## EXERCISE DIRECTIONS
Only one stretch of the listing below is wanted. Begin at the line that has "Hilperton, Trowbridge, photo 5", stop after the line that has "New York City", and repeat every line in between exactly.

## MATERIAL PROVIDED
☆ ☆ ☆ ☆ ☆ ☆ ☆

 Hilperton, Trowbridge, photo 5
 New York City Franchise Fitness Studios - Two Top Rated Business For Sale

☆ ☆ ☆ ☆ ☆ ☆ ☆

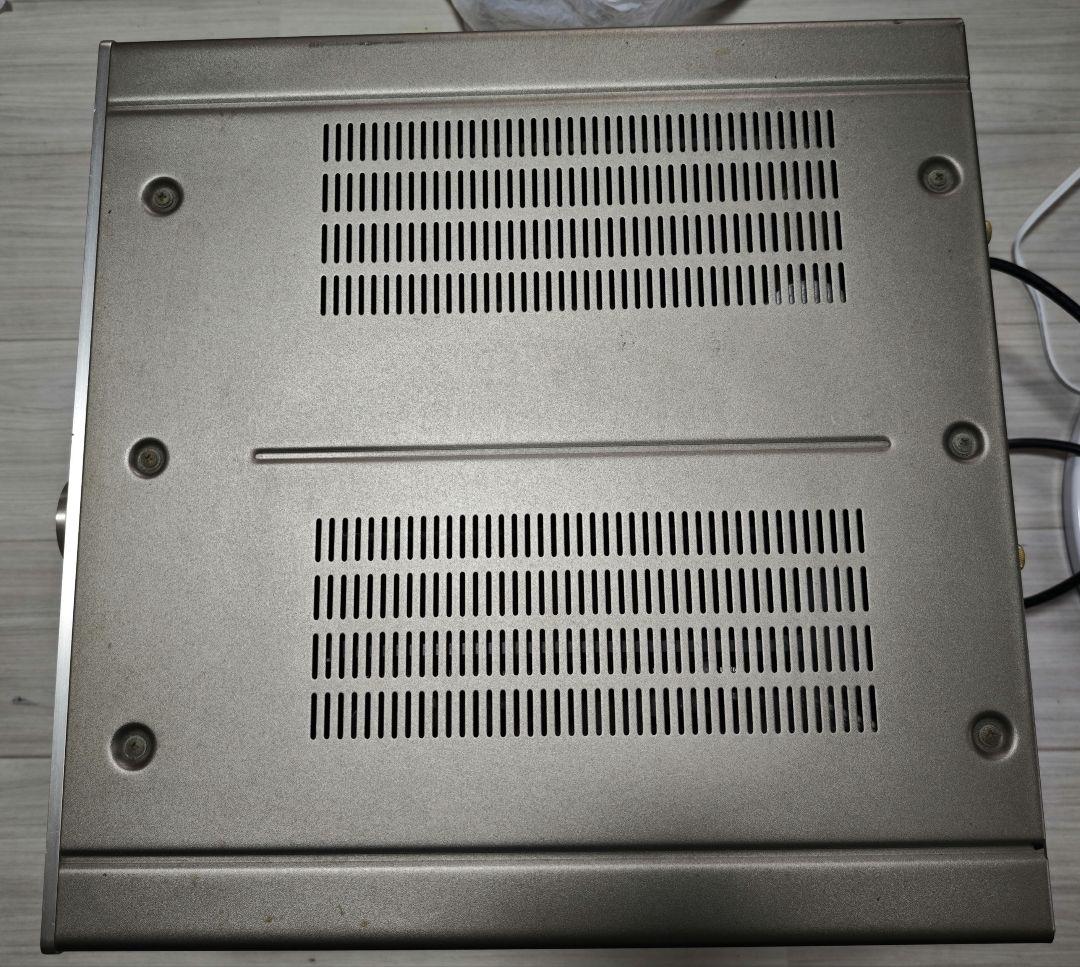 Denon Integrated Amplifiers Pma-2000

☆ ☆ ☆ ☆ ☆ ☆ ☆

## RESULT OF THIS TASK
 Hilperton, Trowbridge, photo 5
 New York City Franchise Fitness Studios - Two Top Rated Business For Sale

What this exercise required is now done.